The sky was pale blue as if showing through a gauze of cloud so thin as to hardly be there at all. It was neither summer nor autumn. The sun had none of the intenstity of
summer but the trees were still thick with green leaves. A strong wind came and went. As we walked by the edge of the Common there was barely a breeze. Then we came up on a large tree hissing and
writhing. At our level there was still only the very faintest of breezes, as if the wind existed only in the twisting leaves and rocking branches. Green with time, a large statue of a woman
offering a drink to a lame man had been erected in front of the tree. The man was seated; with one hand the woman helped him drink, the other rested lightly on his shoulder.

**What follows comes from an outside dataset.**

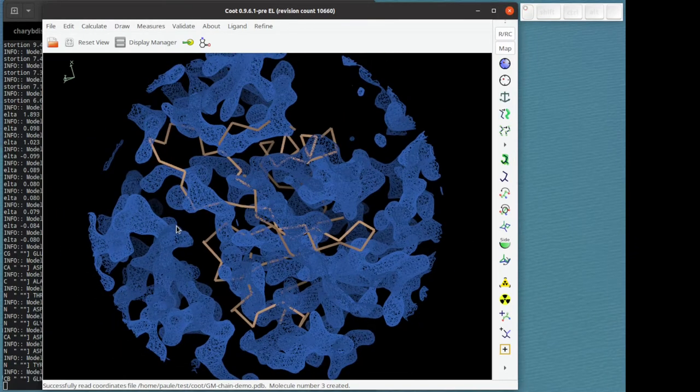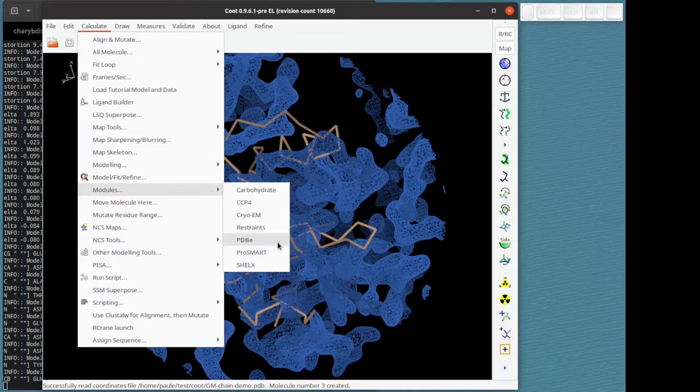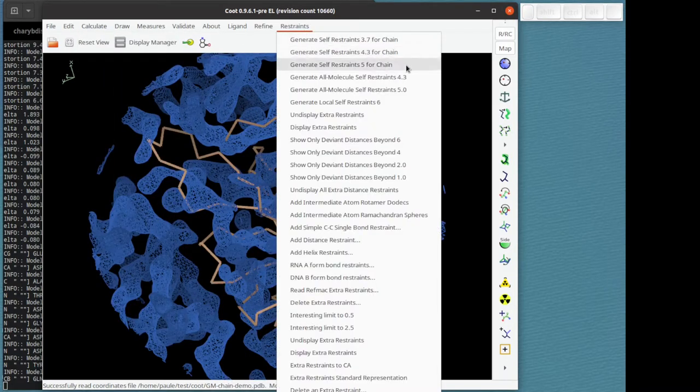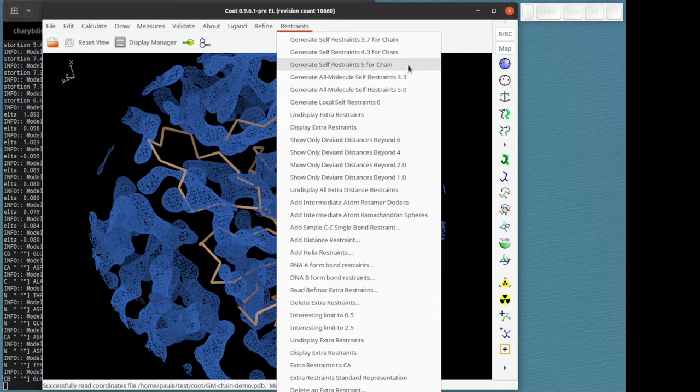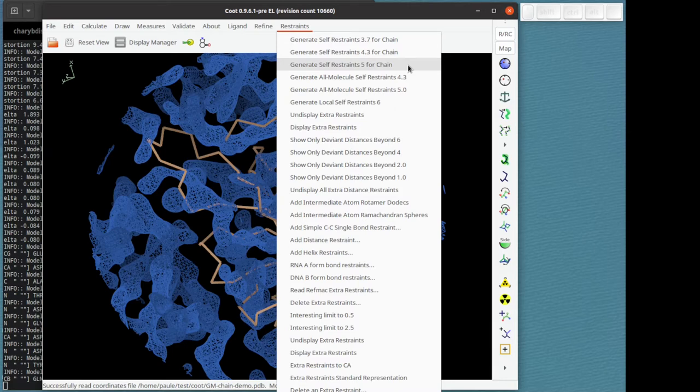Now we're going to turn on the restraints. Calculate modular restraints. The target distances are those of the reference model. For a more sophisticated set of distance restraints one would use ProSmart, but for now for this example we can use self distance restraints. So five means five angstrom. That is the cutoff for the distance of what's considered the local environment.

We walked on. The Common stretched out vast and flat before us. Up ahead a line of thin trees cast long poles of shadow across the grass. In the distance there was a clump of fertile trees
– slightly hazy as in a landscape by Claude Lorrain. The sun flung clouds across the sky. Every few seconds the light changed: now the clouds were flecked with lemon or pink; within a few
moments they were turning bruise purple. The ground felt hard under our feet. Fran’s face and clothes were bathed in the brightness of the light; the light of the sun burned in her eyes.

We watched a man with two young children and a dog take a large model of a Sopwith Camel out of the boot of a car. The plane was radio-controlled; twiddling with his hand-set the man taxied the
bi-plane along the ground. We watched for about five minutes during which time he sent his children back to the car for spare parts or oil of some sort. Then he tinkered around with the wings and
stepped back, pointing the aerial of the hand-set at the plane. It taxied along the ground for a few more yards but didn’t gain any speed. His kids lost interest and were throwing a
balsa-wood plane at each other; it caught the wind and looped the loop for a few seconds or just floated before falling quietly back to earth. The man had one more go with his radio-controlled
bi-plane but this time it wouldn’t even crawl along the ground.